谷氨酸脱氢酶(GDH)为疟原虫糖酵解中的关键酶,是一个潜在的诊断靶标,已建立的恶性疟原虫谷氨酸脱氢酶(PfGDH)快速免疫诊断方法已显示了较满意的效果。但间日疟原虫谷氨酸脱氢酶(PvGDH)尚未见报道。因此,克隆表达PvGDH,并制备抗PvGDH特异性单抗,可为进一步研制以PvGDH为诊断靶标的间日疟原虫特异性快速免疫诊断试剂奠定基础,从而为间日疟防治提供有力工具。
第一部分红内期间日疟原虫全长cDNA文库的构建与鉴定
目的:构建中国红内期间日疟原虫全长cDNA文库。
方法:自未经治疗的确诊间日疟患者静脉采血,滤过去除白细胞后浓集含虫红细胞,提取总RNA,RT-PCR法逆转录合成cDNA第一链,LD-PCR合成cDNA第二链及双链cDNA,经蛋白酶K消化、Sfi I酶切、CHROMA SPIN-400柱分离去除小于400 bp的片段后CHROMA SPIN-400柱分离去除小于400 bp的片段后,将cDNA与已经Sfi I酶切的质粒载体连接,转化入DH5α感受态细胞。测定文库的库容和重组率。随机挑选48个菌落,以M13+-引物进行PCR,鉴定插入cDNA片段大小。

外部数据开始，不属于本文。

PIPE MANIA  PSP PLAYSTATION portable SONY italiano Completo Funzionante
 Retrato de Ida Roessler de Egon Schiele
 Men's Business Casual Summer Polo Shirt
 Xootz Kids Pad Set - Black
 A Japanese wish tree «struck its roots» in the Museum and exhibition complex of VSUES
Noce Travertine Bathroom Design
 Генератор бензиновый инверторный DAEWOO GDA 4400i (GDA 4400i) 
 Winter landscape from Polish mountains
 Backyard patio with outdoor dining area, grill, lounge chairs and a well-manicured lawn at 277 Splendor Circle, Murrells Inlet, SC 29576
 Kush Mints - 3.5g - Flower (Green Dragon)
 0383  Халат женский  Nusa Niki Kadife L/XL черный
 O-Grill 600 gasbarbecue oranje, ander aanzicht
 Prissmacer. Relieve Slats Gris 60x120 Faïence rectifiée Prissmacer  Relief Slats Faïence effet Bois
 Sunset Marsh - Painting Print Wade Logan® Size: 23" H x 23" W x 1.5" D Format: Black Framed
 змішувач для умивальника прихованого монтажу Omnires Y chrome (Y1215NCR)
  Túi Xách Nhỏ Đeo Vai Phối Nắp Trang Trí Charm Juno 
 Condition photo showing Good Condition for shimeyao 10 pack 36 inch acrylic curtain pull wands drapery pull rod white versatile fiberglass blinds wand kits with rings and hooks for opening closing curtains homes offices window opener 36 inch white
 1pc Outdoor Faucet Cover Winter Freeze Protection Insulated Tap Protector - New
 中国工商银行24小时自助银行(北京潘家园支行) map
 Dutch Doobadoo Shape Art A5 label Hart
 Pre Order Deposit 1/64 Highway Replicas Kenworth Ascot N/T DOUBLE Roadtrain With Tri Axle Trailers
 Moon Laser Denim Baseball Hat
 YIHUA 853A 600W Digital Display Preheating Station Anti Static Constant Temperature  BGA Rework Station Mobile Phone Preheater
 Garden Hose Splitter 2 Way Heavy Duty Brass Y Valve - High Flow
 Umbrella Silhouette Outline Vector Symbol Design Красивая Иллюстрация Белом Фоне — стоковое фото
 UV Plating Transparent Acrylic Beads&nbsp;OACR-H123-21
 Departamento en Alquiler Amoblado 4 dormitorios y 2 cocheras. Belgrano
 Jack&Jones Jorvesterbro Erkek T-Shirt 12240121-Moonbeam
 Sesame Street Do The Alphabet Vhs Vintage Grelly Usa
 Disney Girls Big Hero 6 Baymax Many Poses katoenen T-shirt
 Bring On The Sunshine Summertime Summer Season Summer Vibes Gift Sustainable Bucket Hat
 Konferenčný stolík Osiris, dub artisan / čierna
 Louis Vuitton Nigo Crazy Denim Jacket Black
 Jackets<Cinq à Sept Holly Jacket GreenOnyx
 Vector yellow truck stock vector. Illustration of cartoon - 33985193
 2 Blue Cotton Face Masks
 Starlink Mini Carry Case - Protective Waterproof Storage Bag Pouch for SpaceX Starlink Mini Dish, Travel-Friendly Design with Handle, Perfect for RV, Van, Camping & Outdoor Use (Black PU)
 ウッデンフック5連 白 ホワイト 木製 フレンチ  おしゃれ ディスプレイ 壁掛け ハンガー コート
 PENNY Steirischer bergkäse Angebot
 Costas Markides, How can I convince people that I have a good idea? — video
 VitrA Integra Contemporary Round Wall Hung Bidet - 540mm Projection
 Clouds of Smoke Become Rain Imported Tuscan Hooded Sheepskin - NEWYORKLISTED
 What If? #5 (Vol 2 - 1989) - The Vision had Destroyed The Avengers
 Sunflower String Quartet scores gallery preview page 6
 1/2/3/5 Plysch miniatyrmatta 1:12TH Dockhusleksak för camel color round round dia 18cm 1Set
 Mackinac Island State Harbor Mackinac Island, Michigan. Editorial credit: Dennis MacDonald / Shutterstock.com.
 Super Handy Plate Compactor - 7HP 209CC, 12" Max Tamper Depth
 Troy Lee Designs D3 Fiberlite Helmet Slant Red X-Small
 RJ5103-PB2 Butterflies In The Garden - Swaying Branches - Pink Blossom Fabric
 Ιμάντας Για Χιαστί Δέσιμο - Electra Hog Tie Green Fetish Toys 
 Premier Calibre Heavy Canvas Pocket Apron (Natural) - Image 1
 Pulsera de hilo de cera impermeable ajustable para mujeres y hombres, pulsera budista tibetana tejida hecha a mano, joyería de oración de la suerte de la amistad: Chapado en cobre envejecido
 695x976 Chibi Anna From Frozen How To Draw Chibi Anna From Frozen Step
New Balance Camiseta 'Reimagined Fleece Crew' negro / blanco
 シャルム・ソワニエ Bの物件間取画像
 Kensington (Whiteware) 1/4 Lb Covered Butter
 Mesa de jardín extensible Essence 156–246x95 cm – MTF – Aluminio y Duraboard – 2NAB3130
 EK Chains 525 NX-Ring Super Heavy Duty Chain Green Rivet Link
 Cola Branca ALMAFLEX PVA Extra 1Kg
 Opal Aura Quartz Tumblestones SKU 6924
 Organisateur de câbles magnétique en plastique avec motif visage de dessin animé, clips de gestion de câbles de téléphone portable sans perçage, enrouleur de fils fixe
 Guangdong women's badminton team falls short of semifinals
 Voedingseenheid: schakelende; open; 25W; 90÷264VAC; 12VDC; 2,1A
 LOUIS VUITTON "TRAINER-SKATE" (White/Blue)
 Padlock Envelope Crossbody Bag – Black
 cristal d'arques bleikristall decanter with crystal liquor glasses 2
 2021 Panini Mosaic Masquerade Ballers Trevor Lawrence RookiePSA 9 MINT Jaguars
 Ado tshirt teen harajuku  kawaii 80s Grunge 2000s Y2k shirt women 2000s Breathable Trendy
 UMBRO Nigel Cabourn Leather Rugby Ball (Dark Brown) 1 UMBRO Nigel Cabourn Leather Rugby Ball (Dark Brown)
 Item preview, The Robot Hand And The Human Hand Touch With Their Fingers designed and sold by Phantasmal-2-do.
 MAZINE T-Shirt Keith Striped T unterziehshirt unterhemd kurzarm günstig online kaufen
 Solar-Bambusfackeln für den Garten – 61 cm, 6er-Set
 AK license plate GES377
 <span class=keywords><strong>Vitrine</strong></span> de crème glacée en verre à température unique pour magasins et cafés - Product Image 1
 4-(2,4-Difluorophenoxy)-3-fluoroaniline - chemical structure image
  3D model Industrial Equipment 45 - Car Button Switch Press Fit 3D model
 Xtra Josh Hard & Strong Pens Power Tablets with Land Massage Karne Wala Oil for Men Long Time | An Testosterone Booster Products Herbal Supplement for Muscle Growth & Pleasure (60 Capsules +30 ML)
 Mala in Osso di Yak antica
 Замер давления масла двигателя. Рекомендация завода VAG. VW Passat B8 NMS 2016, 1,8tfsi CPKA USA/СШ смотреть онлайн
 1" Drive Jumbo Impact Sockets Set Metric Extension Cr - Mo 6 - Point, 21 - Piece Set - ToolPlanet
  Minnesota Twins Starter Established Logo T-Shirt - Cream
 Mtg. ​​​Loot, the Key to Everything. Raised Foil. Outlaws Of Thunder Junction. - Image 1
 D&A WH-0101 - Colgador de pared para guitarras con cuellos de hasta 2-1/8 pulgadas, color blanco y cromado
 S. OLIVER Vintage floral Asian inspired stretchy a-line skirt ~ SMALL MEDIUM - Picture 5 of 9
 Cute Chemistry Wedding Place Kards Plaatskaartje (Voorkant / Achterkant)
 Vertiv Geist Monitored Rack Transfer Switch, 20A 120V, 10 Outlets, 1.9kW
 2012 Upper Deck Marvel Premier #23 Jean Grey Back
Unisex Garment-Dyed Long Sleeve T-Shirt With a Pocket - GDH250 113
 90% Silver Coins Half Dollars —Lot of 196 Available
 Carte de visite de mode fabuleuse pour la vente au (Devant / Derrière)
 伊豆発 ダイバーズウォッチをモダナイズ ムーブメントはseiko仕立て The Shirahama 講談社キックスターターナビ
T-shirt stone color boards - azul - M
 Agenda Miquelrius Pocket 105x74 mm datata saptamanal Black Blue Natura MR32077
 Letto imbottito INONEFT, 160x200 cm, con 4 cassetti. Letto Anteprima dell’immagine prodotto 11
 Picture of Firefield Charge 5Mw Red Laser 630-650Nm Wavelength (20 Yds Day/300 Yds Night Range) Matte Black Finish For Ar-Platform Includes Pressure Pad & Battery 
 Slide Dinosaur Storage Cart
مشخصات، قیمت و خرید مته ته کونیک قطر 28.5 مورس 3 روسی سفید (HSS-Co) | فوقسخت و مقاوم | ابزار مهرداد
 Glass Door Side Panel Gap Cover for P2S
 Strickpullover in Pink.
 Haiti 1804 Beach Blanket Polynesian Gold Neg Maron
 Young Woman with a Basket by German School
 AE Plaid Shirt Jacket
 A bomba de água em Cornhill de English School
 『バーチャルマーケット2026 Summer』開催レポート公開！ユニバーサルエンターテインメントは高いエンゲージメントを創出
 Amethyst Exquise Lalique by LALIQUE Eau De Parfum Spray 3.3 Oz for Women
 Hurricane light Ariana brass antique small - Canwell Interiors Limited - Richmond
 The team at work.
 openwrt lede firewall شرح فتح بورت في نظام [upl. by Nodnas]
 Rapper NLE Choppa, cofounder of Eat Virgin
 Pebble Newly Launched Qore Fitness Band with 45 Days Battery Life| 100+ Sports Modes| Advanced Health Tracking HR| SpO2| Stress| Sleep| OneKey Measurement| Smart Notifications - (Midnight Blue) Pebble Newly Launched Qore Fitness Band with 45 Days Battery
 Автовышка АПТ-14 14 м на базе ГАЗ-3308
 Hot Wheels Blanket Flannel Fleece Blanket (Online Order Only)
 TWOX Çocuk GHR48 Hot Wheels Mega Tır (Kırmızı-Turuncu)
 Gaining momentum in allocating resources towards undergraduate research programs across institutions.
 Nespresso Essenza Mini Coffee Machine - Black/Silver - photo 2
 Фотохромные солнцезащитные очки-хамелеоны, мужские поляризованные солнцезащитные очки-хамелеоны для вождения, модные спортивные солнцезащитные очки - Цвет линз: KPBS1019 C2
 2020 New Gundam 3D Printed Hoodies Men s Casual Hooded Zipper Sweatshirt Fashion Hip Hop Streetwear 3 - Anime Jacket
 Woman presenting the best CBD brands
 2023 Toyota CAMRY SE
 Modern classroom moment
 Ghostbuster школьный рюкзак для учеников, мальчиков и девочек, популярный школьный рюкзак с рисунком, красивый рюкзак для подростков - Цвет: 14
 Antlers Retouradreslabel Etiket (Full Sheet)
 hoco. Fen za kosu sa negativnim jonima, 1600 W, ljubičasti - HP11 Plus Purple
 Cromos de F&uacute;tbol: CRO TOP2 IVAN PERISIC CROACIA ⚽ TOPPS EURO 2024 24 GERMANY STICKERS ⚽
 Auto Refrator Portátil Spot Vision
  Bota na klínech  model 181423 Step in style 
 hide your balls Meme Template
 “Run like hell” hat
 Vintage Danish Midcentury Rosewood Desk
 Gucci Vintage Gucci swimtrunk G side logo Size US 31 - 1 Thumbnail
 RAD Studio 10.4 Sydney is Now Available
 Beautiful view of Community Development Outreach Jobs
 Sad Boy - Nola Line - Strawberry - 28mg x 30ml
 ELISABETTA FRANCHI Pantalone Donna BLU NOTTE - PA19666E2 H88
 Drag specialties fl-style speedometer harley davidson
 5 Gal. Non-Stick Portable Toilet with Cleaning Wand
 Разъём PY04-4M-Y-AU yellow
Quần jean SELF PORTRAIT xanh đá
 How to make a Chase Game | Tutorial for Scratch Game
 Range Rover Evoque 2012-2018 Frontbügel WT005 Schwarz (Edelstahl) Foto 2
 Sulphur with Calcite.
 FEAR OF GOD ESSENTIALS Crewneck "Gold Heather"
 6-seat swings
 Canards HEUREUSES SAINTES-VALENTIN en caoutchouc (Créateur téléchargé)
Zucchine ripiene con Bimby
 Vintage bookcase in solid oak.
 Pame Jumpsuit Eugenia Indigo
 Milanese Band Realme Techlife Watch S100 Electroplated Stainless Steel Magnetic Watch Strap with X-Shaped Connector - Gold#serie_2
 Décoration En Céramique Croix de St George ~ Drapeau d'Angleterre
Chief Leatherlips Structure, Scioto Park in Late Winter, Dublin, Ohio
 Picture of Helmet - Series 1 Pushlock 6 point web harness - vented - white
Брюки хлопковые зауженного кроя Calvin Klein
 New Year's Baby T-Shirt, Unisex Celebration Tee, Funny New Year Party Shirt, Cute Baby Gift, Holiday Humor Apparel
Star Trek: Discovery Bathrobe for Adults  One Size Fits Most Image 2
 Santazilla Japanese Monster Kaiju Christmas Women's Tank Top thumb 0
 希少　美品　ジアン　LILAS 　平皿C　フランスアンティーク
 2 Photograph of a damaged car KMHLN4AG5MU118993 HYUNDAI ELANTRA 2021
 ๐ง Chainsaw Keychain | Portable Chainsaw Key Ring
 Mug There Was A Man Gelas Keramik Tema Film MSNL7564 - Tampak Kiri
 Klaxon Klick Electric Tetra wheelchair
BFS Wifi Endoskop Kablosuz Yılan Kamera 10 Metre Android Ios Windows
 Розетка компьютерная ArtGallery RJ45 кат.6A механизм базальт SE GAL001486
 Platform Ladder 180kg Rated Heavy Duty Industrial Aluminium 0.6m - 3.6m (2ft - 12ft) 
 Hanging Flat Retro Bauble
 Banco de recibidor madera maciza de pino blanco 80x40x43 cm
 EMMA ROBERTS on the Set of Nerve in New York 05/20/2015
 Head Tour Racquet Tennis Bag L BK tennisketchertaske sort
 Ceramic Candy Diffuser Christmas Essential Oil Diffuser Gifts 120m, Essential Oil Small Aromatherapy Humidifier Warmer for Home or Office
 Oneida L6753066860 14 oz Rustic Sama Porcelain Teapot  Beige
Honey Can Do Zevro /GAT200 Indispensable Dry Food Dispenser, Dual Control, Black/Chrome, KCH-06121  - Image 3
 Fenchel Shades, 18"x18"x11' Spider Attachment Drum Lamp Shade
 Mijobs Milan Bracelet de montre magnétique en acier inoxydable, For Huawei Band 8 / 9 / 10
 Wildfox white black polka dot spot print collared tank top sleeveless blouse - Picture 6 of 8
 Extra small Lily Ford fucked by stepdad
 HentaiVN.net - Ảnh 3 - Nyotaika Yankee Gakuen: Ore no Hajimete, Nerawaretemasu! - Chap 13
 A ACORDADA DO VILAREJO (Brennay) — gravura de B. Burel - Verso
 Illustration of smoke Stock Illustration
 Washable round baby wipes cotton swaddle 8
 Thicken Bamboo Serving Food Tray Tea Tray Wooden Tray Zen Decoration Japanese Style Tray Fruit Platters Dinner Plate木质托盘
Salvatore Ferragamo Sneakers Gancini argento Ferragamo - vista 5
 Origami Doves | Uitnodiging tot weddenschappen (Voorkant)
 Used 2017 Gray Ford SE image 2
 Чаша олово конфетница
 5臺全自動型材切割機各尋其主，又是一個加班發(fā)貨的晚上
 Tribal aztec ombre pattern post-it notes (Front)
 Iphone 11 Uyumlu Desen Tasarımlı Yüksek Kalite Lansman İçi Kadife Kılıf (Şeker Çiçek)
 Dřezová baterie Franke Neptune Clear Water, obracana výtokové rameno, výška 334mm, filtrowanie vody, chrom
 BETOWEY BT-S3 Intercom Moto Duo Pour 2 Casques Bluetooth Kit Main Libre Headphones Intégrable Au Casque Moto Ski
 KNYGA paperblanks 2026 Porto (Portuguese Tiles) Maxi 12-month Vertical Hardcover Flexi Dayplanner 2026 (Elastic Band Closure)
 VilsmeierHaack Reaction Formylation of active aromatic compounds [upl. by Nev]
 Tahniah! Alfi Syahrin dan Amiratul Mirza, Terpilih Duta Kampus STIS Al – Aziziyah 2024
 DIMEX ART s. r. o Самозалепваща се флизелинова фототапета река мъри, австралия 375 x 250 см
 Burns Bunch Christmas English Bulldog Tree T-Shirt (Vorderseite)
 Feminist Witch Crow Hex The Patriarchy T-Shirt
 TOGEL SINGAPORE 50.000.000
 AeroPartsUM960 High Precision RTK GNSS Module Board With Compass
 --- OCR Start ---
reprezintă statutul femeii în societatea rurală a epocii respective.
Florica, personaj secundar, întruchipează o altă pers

结果:构建的中国红内期间日疟原虫全长cDNA文库原始库容为1.14×106,重组率为97.2%。重组子插入cDNA片段大小为900~2500bp之间。
结论:成功构建了中国红内期间日疟原虫全长cDNA文库。
第二部分间日疟原虫谷氨酸脱氢酶基因的克隆表达
目的:克隆表达间日疟原虫谷氨酸脱氢酶。
方法:根据推测的PvGDH编码基因设计特异性引物,采用PCR自构建的中国红内期间日疟原虫全长cDNA文库扩增PvGDH编码基因,将其克隆至pMD18-T载体,经PCR和双酶切鉴定后进行序列测定后,亚克隆至pCOLDⅡ载体进行表达。通过ELISA和Western-blot检测正常人血清、间日疟患者血清、恶性疟患者血清与rPvGDH的免疫反应性;以表达的rPvGDH免疫小鼠制备抗血清,通过ELISA检测抗血清与rPvGDH的免疫反应性;并以Western-blot检测抗血清与间日疟原虫抗原、恶性疟原虫抗原、正常红红细胞抗原的免疫反应性。
结果:PCR产物电泳结果显示所克隆的基因约为1450bp,基因测序结果显示克隆的基因为1442bp,与GenBank间日疟原虫Sal-I株基因组测序预测PvGDH编码基因有3个碱基差异,但编码氨基酸无差异,无内含子。经原核表达获得可溶性的PvGDH重组蛋白(rPvGDH),可为间日疟患者血清和恶性疟患者血清所识别,而不能被正常人血清识别。制备的PvGDH抗血清可以识别rPvGDH、间日疟原虫抗原、恶性疟原虫抗原,而不能识别正常红细胞抗原。
结论:成功克隆了PvGDH,并表达了具有免疫学活性的rPvGDH。
第三部分间日疟原虫谷氨酸脱氢酶线性B细胞表位的预测与鉴定
目的:预测并鉴定PvGDH线性B细胞表位。
方法:利用生物信息软件分析PvGDH、PfGDH序列,预测PvGDH、PfGDH线性B细胞表位,并比较分析,预测特异性PvGDH线性B细胞表位;合成预测PvGDH线性B细胞表位肽,免疫小鼠,制备抗血清;通过ELISA和Western-blot检测抗血清与rPvGDH的免疫反应性;通过Western-blot检测抗血清与与间日疟原虫抗原、恶性疟原虫抗原、正常红红细胞抗原的免疫反应性。
结果:预测出1个特异性PvGDH线性B细胞表位;该预测表位肽抗血清可以识别rPvGDH和间日疟原虫抗原,而不能识别恶性疟原虫抗原和正常红细胞抗原。
结论:预测并鉴定成功1个特异性PvGDH线性B细胞表位。
第四部分抗PvGDH单克隆抗体研究
目的:分别通过rPvGDH和PvGDH预测表位肽制备抗PvGDH单抗。
方法:分别利用rPvGDH和PvGDH预测表位肽作为免疫原免疫小鼠,制备抗PvGDH单克隆抗体,并检测制备的单抗的滴度和抗体亚类;通过ELISA和Western-blot检测制备的单抗与rPvGDH的免疫反应性。
结果:通过rPvGDH制备了4株单抗,通过PvGDH预测表位肽制备6株单抗,抗体滴度均大于1:2430;通过PvGDH预测表位肽制备的单抗中有2株抗体亚类为IgG1,其余均为IgG2b。10株单抗均可有效识别rPvGDH。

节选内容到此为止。